Expedia Group owns Expedia, Hotels.com, Vrbo, Travelocity, Hotwire.com, Orbitz, Ebookers, CheapTickets, CarRentals.com, Expedia Cruises, Wotif, and Expedia Group Media Solutions, among other brands. Vrbo itself began life in 1995 as “Vacation Rentals by Owner,” was acquired by HomeAway in 2006, and HomeAway was in turn acquired by Expedia Group in 2015. In 2020, Expedia retired the HomeAway brand in the U.S. and folded its vacation-rental business into Vrbo.
On the loyalty side, the consolidation is even more explicit. Expedia has merged the loyalty programs across its brands including Orbitz, Vrbo, Travelocity, Hotwire, CheapTickets, Trivago, and Hotels.com, into a single unified program, similar to how airline alliances work.
So when a traveler bounces between Travelocity, Expedia, and Vrbo looking for the best price, they may be negotiating with three different front doors to the same company. That’s not illegal, and it’s not even hidden. It’s disclosed in Expedia’s own corporate filings. It’s just not something most travelers think about while they’re frantically refreshing search results at 11 p.m.
Airbnb and Booking Holdings (which owns Booking.com, Priceline, and Kayak) remain genuinely separate from Expedia Group. So real competition does exist but it’s just narrower than the five-tabs-open feeling suggests.
The Fee Problem Is Bigger Than “Service Fees”
If brand consolidation was the first surprise, fee structure was the second, and this one has now drawn regulatory fire.

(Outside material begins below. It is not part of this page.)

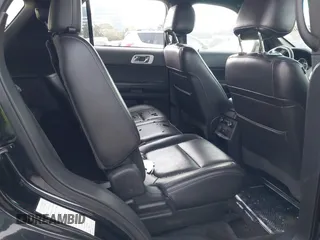 2015 Ford Explorer Limited with VIN 1FM5K7F80FGA10657, listed as a IAAI auction lot 41687918 with 123,069 mi miles and . Bid and sale history available at carsss.com. Image 8.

In August 2025, Booking Holdings agreed to pay $9.5 million to settle allegations from the Texas Attorney General that it misled consumers by failing to disclose mandatory hotel fees upfront. The lawsuit alleged that Booking used “drip pricing” by concealing resort fees, amenity charges, destination fees, and utility surcharges inside a vaguely labeled “taxes and fees” line that only appeared at checkout. Texas argued this practice presented artificially low room rates and gave Booking an unfair edge over competitors that disclosed full costs upfront.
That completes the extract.